Philippe Martin and Peter Eklund
Griffith University, School of Information Technology, PMB 50 Gold Coast MC, QLD 9726 Australia
Tel: +61 7 5594 8271; Fax: +61 7 5594 8066; E-mail: pm .@. phmartin dot info
Proceedings of the
"Virtual Documents, Hypertext Functionality and the Web"
at the 8th International World Wide Web Conference.
Table of contents
Web search engines - such as Altavista1 or Infoseek2 - retrieve entire documents based on keywords they include. They exploit undirected Web robots to periodically traverse and index internet/intranet documents. Directed Web robots - such as Harvest3, WebSQL4 and WebLog5 - apply string-matching and structure-matching commands (e.g. hypertext path expressions) to explore an intranet or a small subset of internet and retrieve entire documents or parts of them. However, people are generally not looking for lists of documents but either for a precise answer to a precise query, or for a structured presentation of information related to a certain object such as a particular event, technique, software, idea or person.
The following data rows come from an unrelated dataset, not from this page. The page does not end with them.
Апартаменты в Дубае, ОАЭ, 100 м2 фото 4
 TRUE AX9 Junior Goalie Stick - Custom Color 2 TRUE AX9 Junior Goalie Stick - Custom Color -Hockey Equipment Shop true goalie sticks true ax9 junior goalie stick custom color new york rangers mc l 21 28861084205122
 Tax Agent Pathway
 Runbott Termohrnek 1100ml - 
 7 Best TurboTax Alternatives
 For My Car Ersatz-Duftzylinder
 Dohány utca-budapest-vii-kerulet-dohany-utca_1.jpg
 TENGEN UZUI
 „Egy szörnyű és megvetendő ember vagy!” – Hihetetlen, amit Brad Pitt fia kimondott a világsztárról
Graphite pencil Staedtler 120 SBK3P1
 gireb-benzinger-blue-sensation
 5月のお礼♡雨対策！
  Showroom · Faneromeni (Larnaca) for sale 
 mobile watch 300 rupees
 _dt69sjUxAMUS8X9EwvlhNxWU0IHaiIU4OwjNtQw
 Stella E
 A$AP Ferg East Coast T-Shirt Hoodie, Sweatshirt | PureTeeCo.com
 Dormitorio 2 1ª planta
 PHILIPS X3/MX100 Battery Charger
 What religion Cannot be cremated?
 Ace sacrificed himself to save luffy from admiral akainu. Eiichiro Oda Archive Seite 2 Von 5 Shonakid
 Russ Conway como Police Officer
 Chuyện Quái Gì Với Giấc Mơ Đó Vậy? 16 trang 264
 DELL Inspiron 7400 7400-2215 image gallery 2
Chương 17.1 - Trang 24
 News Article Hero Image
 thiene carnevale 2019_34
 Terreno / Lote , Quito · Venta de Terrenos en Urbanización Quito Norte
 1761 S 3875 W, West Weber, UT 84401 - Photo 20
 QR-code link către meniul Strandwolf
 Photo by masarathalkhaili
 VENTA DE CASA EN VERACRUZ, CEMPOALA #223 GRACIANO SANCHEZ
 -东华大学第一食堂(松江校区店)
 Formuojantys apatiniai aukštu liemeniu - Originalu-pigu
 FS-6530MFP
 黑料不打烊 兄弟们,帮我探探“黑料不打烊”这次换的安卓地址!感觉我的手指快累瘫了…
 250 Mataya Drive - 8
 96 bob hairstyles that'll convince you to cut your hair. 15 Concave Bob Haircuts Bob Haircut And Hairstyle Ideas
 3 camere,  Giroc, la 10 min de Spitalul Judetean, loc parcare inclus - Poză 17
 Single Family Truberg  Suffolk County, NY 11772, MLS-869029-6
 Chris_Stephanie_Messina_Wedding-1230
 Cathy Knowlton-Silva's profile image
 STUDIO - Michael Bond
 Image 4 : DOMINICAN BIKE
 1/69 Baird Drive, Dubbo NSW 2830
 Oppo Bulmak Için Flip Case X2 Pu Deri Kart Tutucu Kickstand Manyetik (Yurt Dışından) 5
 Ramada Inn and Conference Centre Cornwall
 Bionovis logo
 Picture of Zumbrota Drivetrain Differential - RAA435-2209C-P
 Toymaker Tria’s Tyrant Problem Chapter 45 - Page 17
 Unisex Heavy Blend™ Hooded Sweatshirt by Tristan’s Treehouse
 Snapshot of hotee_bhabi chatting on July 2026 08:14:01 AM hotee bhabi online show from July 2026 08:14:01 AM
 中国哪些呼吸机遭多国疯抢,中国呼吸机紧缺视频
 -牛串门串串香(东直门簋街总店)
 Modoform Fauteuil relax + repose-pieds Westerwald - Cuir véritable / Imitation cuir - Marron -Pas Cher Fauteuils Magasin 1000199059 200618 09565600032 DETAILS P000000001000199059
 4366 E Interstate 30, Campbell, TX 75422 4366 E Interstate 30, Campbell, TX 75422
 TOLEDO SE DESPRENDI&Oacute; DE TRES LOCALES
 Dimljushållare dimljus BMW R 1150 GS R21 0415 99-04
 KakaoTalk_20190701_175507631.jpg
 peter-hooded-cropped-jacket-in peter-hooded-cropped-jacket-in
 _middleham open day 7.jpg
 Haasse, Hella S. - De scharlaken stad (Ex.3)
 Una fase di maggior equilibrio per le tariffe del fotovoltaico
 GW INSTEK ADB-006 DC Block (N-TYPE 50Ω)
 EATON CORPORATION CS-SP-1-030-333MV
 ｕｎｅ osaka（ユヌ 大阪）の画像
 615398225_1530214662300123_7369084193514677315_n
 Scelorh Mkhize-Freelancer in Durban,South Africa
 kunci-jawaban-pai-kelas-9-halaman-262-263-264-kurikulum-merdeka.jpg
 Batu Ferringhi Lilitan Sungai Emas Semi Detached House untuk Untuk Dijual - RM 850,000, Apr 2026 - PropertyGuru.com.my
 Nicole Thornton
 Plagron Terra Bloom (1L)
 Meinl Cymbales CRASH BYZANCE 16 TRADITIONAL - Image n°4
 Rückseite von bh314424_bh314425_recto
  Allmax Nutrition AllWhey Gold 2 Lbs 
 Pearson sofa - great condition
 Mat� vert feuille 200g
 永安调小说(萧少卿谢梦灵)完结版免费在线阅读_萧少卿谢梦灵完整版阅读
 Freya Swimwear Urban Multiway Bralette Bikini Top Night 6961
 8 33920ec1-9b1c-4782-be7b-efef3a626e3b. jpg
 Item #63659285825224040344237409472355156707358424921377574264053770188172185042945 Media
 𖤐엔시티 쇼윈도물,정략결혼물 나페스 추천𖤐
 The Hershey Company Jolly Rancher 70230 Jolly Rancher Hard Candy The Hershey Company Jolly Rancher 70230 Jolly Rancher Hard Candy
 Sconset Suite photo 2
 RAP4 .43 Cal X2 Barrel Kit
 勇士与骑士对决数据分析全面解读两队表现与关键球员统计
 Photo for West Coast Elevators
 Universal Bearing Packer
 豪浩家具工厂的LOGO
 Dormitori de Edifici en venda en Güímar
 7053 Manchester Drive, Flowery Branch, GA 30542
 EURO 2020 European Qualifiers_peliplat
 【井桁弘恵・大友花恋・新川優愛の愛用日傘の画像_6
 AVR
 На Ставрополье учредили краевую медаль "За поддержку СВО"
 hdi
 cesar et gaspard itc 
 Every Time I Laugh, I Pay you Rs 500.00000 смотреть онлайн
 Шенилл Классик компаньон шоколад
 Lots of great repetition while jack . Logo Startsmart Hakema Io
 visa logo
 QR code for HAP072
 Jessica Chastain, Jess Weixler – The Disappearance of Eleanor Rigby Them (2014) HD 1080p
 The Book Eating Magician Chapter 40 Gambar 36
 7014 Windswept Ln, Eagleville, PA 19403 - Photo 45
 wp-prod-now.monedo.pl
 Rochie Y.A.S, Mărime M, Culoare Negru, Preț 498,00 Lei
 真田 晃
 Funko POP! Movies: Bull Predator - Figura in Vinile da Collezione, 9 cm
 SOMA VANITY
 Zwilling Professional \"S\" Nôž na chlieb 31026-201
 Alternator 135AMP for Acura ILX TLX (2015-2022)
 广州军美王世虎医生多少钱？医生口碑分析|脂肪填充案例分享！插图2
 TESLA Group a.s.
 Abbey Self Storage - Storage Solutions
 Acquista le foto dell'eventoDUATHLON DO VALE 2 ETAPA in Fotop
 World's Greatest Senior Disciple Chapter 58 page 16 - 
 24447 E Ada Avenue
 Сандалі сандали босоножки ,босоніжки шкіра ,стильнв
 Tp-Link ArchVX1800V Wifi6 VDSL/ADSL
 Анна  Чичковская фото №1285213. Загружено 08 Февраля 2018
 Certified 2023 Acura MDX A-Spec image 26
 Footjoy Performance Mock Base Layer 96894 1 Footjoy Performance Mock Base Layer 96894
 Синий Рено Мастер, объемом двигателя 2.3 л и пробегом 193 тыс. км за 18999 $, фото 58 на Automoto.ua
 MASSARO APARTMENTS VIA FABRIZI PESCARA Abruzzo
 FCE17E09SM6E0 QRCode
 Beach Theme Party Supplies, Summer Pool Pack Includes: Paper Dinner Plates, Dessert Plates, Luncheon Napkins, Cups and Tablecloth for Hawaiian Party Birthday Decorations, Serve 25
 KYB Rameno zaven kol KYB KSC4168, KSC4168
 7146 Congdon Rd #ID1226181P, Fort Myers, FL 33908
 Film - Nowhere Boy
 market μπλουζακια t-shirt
For example, someone looking for "large-scale deductive database systems" does not want a giant list of references to conferences, articles and courses on database systems, or home pages and user manuals of specific database systems, s/he first wants a classification of features that such systems may have, and then s/he may ask for a classification of existing tools according to some features, e.g. the kinds of query language, exploited techniques, API, memory&performance characteristics, support for multi-users, reliability, license.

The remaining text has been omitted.